Le problème du Canon.
La traduction grecque de l’Ancien Testament, connue sous le nom de Version des Septante, faite avant l’ère chrétienne en Egypte, contient un certain nombre de livres qui ne se trouvent pas dans la Bible hébraïque, et, de plus, Daniel et Esther ont dans cette traduction plusieurs passages qui ne se trouvent pas non plus dans l’hébreu. Ces textes qu’on appelle Apocryphes, ou Deutérocanoniques, ont été considérés par les docteurs juifs comme en dehors du Canon (liste) des livres divinement inspirés, et ils n’ont jamais été cités par Jésus ou ses apôtres dans le Nouveau Testament 2. C’est pour cette raison que les auteurs évangéliques, tout en reconnaissant la valeur de ces livres, ne les considèrent pas comme inspirés, et qu’ils ne sont généralement pas imprimés dans les bibles protestantes. Les évangéliques pensent que les juifs ayant été chargés de conserver les livres saints, c’est leur jugement qui prévaut sur ce point.

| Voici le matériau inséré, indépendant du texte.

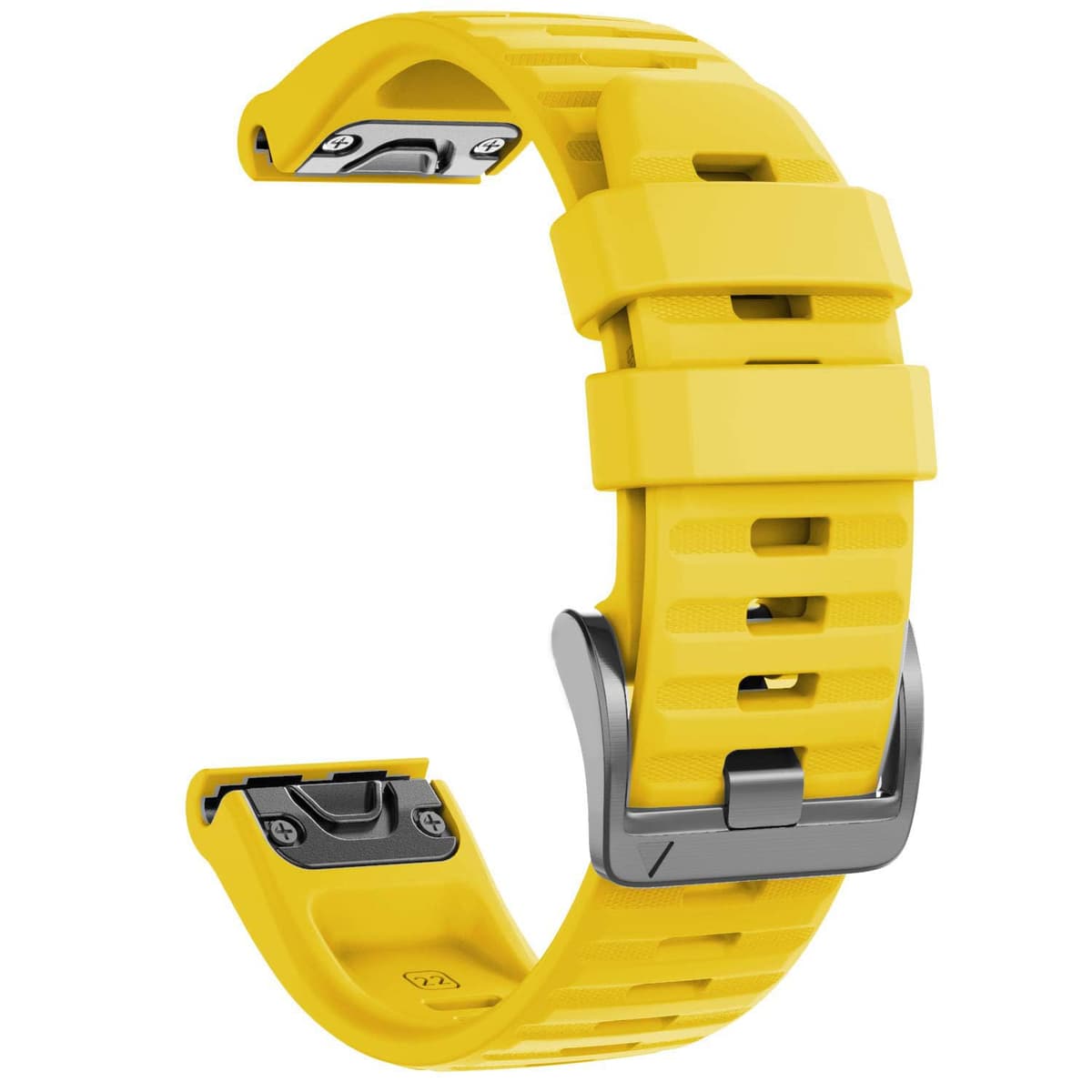 NotoCity Corrra para Garmin Fenix 7/6/5/6 Pro/7 Pro/5 Plus, Quickfit 22mm Correa para Garmin Fenix 8/8 pro 47mm, Forerunner 965/955/935, Nylon Correas para Epix Gen 2, Quatix 7(Negro+Verde militar) — view 20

2 A part quelques allusions probables dans les épitres de Jacques et aux Hébreux.
Le Concile de Trente, par contre (Sess. IV) décida d’admettre ces livres comme divinement inspirés et les inscrivit dans le Canon des Ecritures, à l’exception de quelques-uns. Pourtant Athanase, Cyrille de Jérusalem, Amphilochius et en particulier Jérôme, le grand savant bibliste, font une nette différence entre ces livres et le Canon juif, et de nombreux savants du moyen âge les ont suivis, tout en citant volontiers des passages tirés de ces livres.
La liste et l’emplacement de ces passages est d’ailleurs variable dans les bibles catholiques.
L’édition officielle de la Vulgate, en 1592, contient ces livres (indiqués ici en italiques), dans cet ordre : Néhémie (appelé II Esdras) ; Tobie, Judith, Esther (et ses additions), Job, Psaumes, Proverbes, Ecclésiaste, Cantique, Sagesse de Salomon, Ecclésiastique, Isaïe, Jérémie, Lamentations, Baruch, et Epître de Jérémie, Ezéchiel, Daniel et ses additions (chant des jeunes Hébreux, Suzanne, Bel et le Dragon), les petits prophètes, I et II Maccabée. En appendice de l’Ancien Testament, en petits caractères, et avec la mention qu’ils sont « en dehors de la liste des livres canoniques », on trouve : La prière de Manassé, III et IV Esdras. La Bible de Jérusalem (édition 1956) suit à peu près le même ordre ; cependant elle place les Maccabées entre Esther et Job.
L’Eglise Catholique reconnaît comme Apocryphes les livres suivants des Septante : III et IV Esdras, III et IV Maccabées, les Odes et les Psaumes de Salomon, et la prière de Manassé.